THE TASK: Note on the material below: return exactly the lines from the line that holds "Hattie Llewellyn-Davies and" through the line that holds "Group of business", and leave out each picture.

MATERIAL PROVIDED:
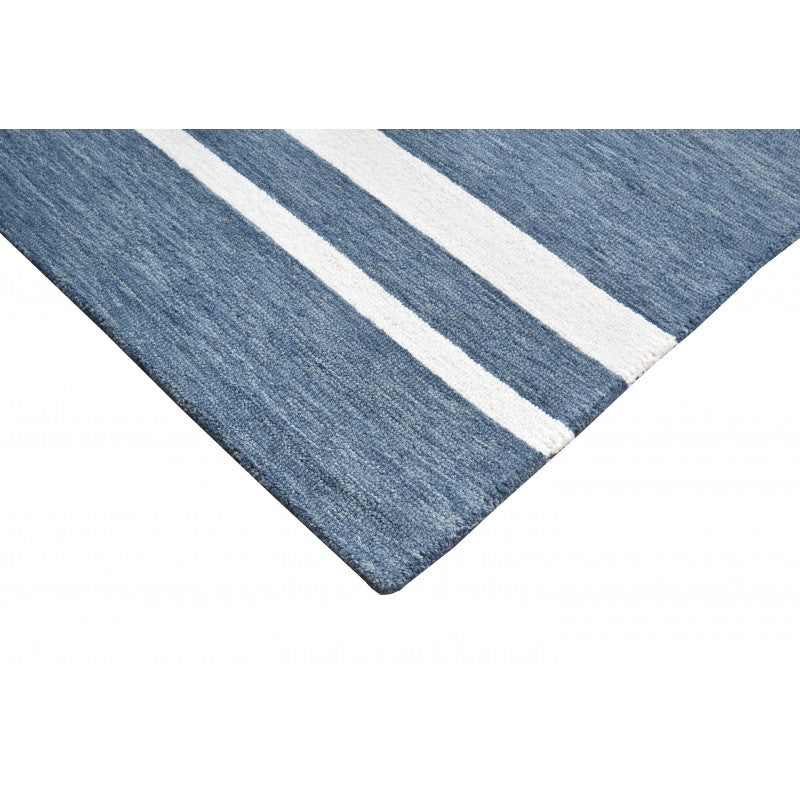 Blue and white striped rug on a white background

==

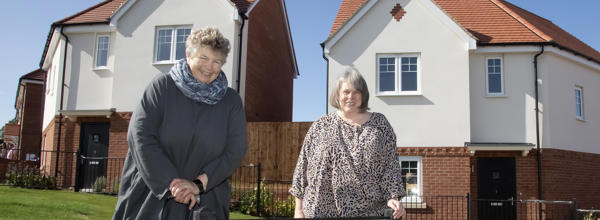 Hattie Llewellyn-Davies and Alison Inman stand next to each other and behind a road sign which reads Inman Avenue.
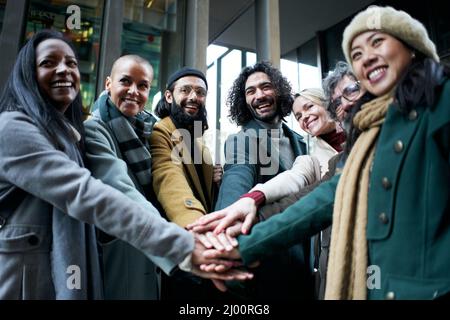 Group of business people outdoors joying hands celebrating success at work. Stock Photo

OUTPUT FOR THIS EXERCISE:
 Hattie Llewellyn-Davies and Alison Inman stand next to each other and behind a road sign which reads Inman Avenue.
 Group of business people outdoors joying hands celebrating success at work. Stock Photo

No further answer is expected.